At present, in order to avoid it, the Federal Reserve System of the USA and European Central Bank shovel money in the economies. The huge flow of free and cheap liquidity is expected to support corporations and businesses and stabilize the situation from within. In order to assess how efficacious it is, some time will have to pass. However, there are some early indications that ultra-soft measures within economic systems are exactly what the world needs.

A chain of defaults, predicted by J.P. Morgan – provided the scenario translates into life – will by itself confirm the fact that the recession has not just begun but has long been going on, said Artyom Deyev, head of analysis department at AMarkets.
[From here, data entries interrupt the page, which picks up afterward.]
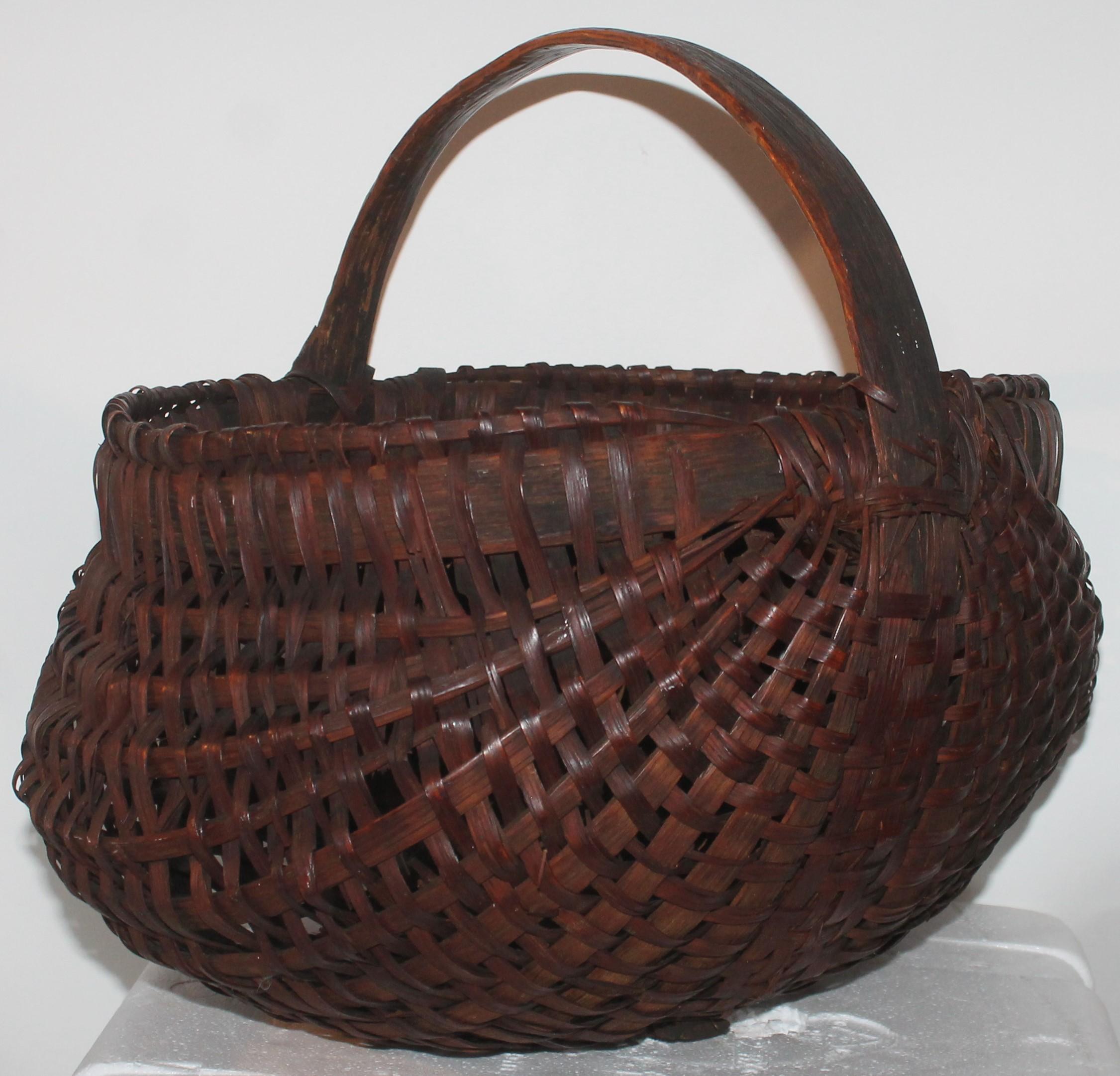 19th century handwoven hiney basket from Pennsylvania in good condition with several minor breaks.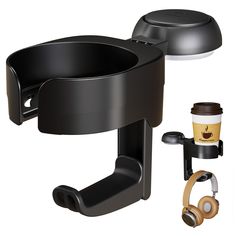 there is a cup holder with headphones on it and a coffee mug next to it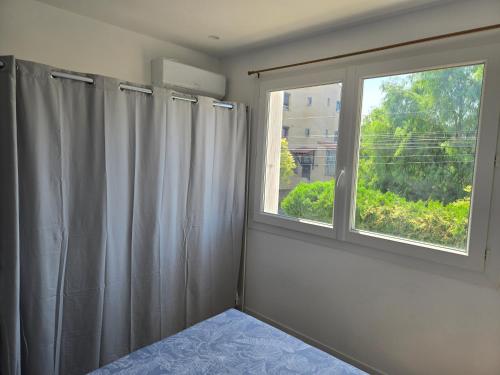 a room with a window and a shower curtain at Yamna in Perpignan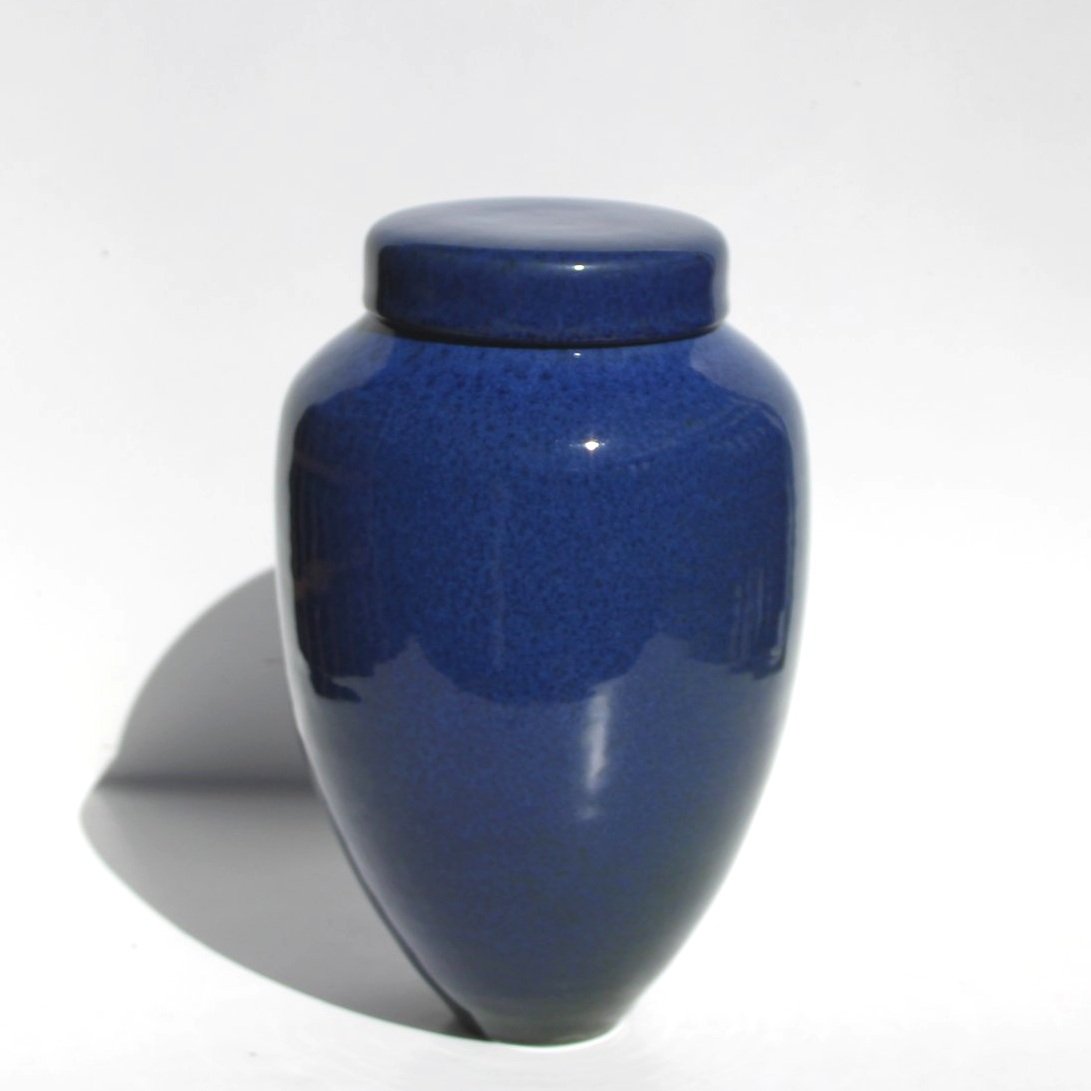 Handmade ceramic urn with unique crackle patterns and earthy tones, crafted in Auckland, New Zealand.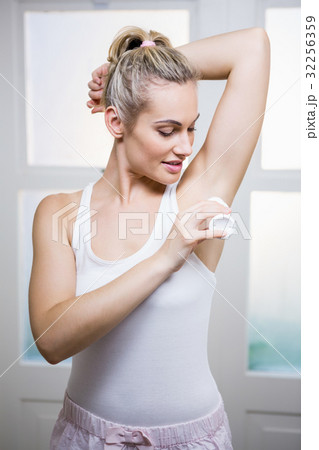 Young woman applying powder on her underarms Young woman applying powder on her underarms 32256359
In fact, in recent years, all the tendencies indicative of another global crisis have been observed in different countries. Moreover, the number of recession indicators is increasing every day. The world economy has long been in a state where trade and production are slowing down and demand is falling. If various indices grow, they do it at a very different pace than it was before.

At present, against the backdrop of the coronavirus outbreak, there has been a step-by-step collapse of supplies, logistics chains and production processes in various industries around the world.

According to Deyev, the onset of recession is only a matter of time. The longer the coronavirus pandemic lasts, the more negative tendencies will occur in the global economy. Defaults will be just a logical end of a certain stage of the crisis, said Deyev.

And yet, the default of a country like Lebanon is unlikely to become a harbinger of the global crisis, says Alexey Antonov, analyst of Alor Broker. The global crisis or global recession might be triggered only if all the leading economies of the world come to a standstill. They are the so-called “pillars” which the business world and big businesses cling to. Countries that are insignificant in world trade are not likely to affect the global crisis because they have no status in the hierarchy of influence, Deyev told Besides Lebanon, the list includes other nations where the situation is similar -- mainly the ones in Africa or South America and Venezuela.

The precursors of a default in Lebanon appeared long before the coronavirus broke out or U.S. President Donald Trump declared a trade war on China. Alexei Antonov believes that defaults of that kind are rather the result of a long “illness” of the economy, poor quality of political governance, high level of corruption and low level of education of people. There will always be the countries with the above-mentioned problems in the world. And there will always be the world funds that will find ways to support them if the symptoms of economic “illness” stay visible.

One way or another, but default, namely, inability of some states to repay their debts, is quite likely under conditions of aggravating financial problems in the world due to the coronavirus, admits Ivan Kapustyansky, a leading analyst at Forex Optimum. The countries with weak economies and the high debt-to-GDP ratio, which are heavily dependent on foreign loans, are at risk. This opinion by Stubbs seems to be true.

Judging by his interview with the Ukrainian edition of the Dzerkalo Tyzhnia, Ukraine might also get on this list. Swords are now crossed over a new IMF loan program worth $5.5 billion. Without it, it will be difficult to repay the previous foreign loans of $17 billion in 2020. The biggest payments are scheduled for May and September when the country will have to pay off $5 billion.

At the same time, the possible default of a number of countries does not necessarily mean the global economic crisis, believes Kapustyansky. For the current year the IMF predicts so far that the global GDP will not decline but its growth rate will reduce to about 2%. Defaults in peripheral countries which do not have a strong impact on the world economy and funding chains, may remain an unpleasant but not determining factor.

However, chances are the crisis will erupt if the coronavirus continues spreading until the end of the year. Then the defaults of the abovementioned countries will not be a cause but an episode of the global cataclysm.